It traces the evolution of the image, from pre-colonial Malaya days and beyond, and examines the various forms of “seeing” through oral traditions, drawings, carvings and photography.
The exhibition features around 120 books, including John Thomson’s The Straits Of Malacca, Siam and Indo-china, Hedda Morrison’s Life In A Longhouse And Orang Asal – A Photographic Introduction To The First Peoples Of Malaysia.
You will also find four photobooks of Malaysian photographers, including Shima Sidek and Ronnie Bahari (both from the Orang Asli community); Fitri Jalil; and Steve Tan, who owns the only walk-in wet plate saloon in Malaysia. The books were produced by Lim.
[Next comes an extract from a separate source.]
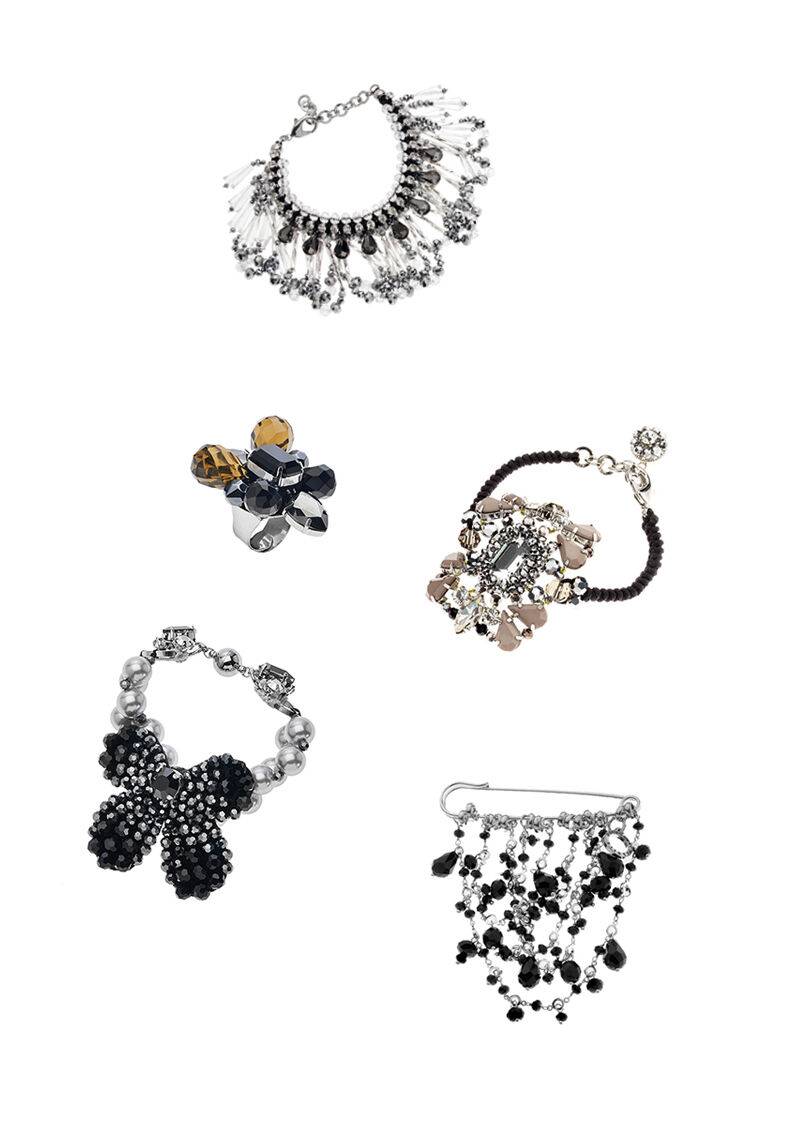 Ottaviani Bracciale con cristalli strass e perline Vendita Economica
The Invisible Future, Facing The Invisible Past exhibit runs from Nov 17 to Dec 19, followed by a series of study groups, guided tours of the exhibition and a curators’ talk.
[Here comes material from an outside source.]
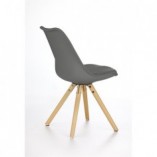Krzesło skandynawskie z poduszką K201 popiel/buk marki Halmar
Last month, some of Lim’s works as well as his main camera, were on display at the Taipei Fine Art Museum, as part of the Nusantara Archives in the The Secret South exhibition.
Plans are in the works for Lim to have a demonstration and instant portrait booth at Ilham Gallery, where the gallery’s photography exhibition Bayangnya Itu Timbul Tenggelam is slated to run until the end of the year.
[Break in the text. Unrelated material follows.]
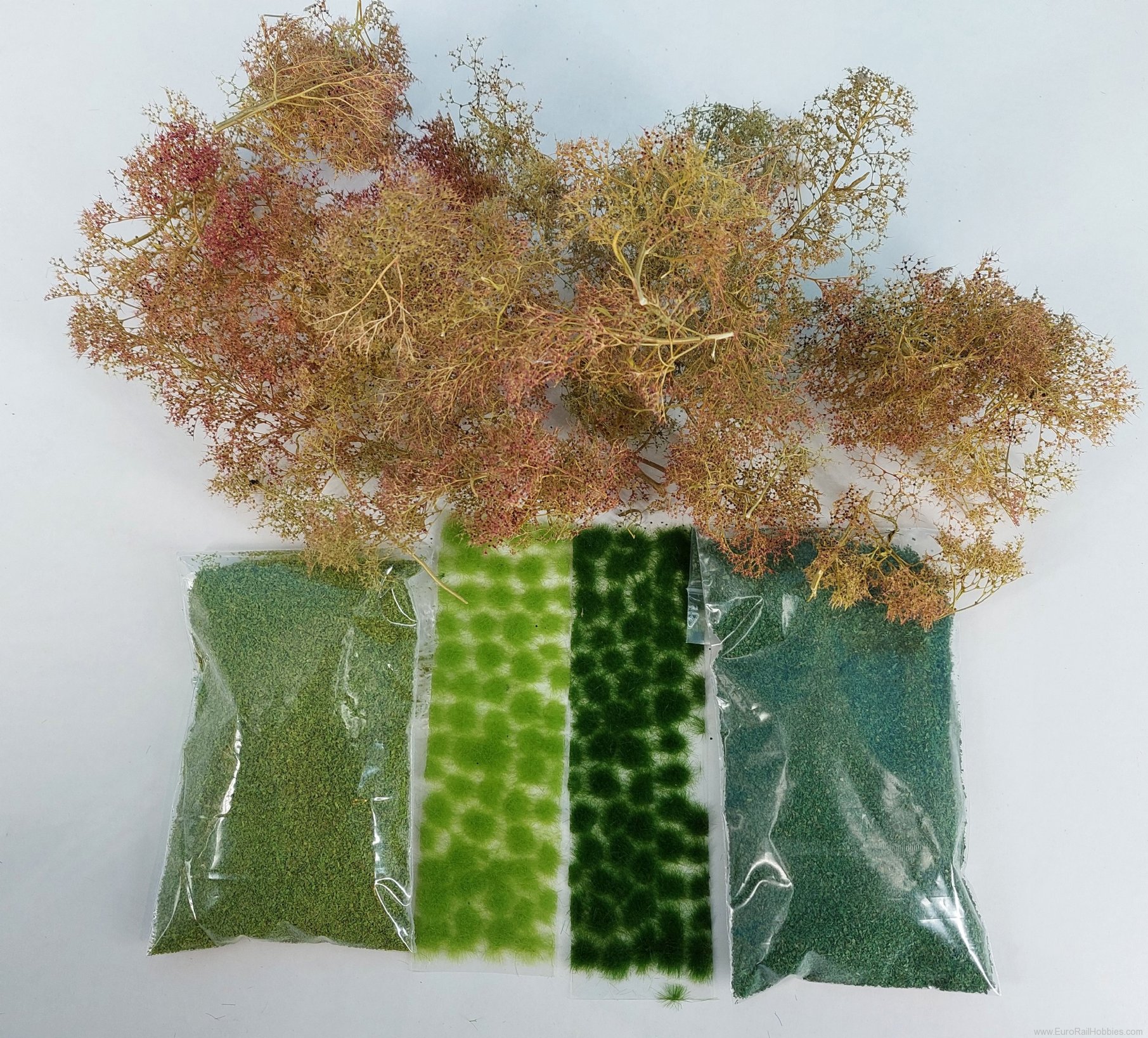 Silhouette Silflor MiniNatur 200-98 Starter Set Bushes - Undergrowth, Set Light t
However, the gallery is closed during the conditional movement control order, which is expected to continue until Dec 6.
Tentatively on Dec 12, Lim will be setting up a portrait booth for the public at the Tropical Spice Garden’s Spice Fam event in Penang. He will be joined by two other box camera practitioners: Nurul Huda Mat Rusdi from Selangor and Antoine Loncle from Penang.
Together, they make up the “Box Camera Trio, Malaysia” and are planning to set up a group for people who build box cameras.
In the same month, he will be releasing Kanta Manuscript 20, a compilation of 20 portrait prints of indigenous people made between 2015 and 2019 for his Kanta Portraits project.
This is intended as an introduction to the collection of photographs and studies made over the span of the project.
In April next year, Lim will be part of the Luminous Shadow performance at the Taiwan International Festival of Arts (TIFA) in Taipei.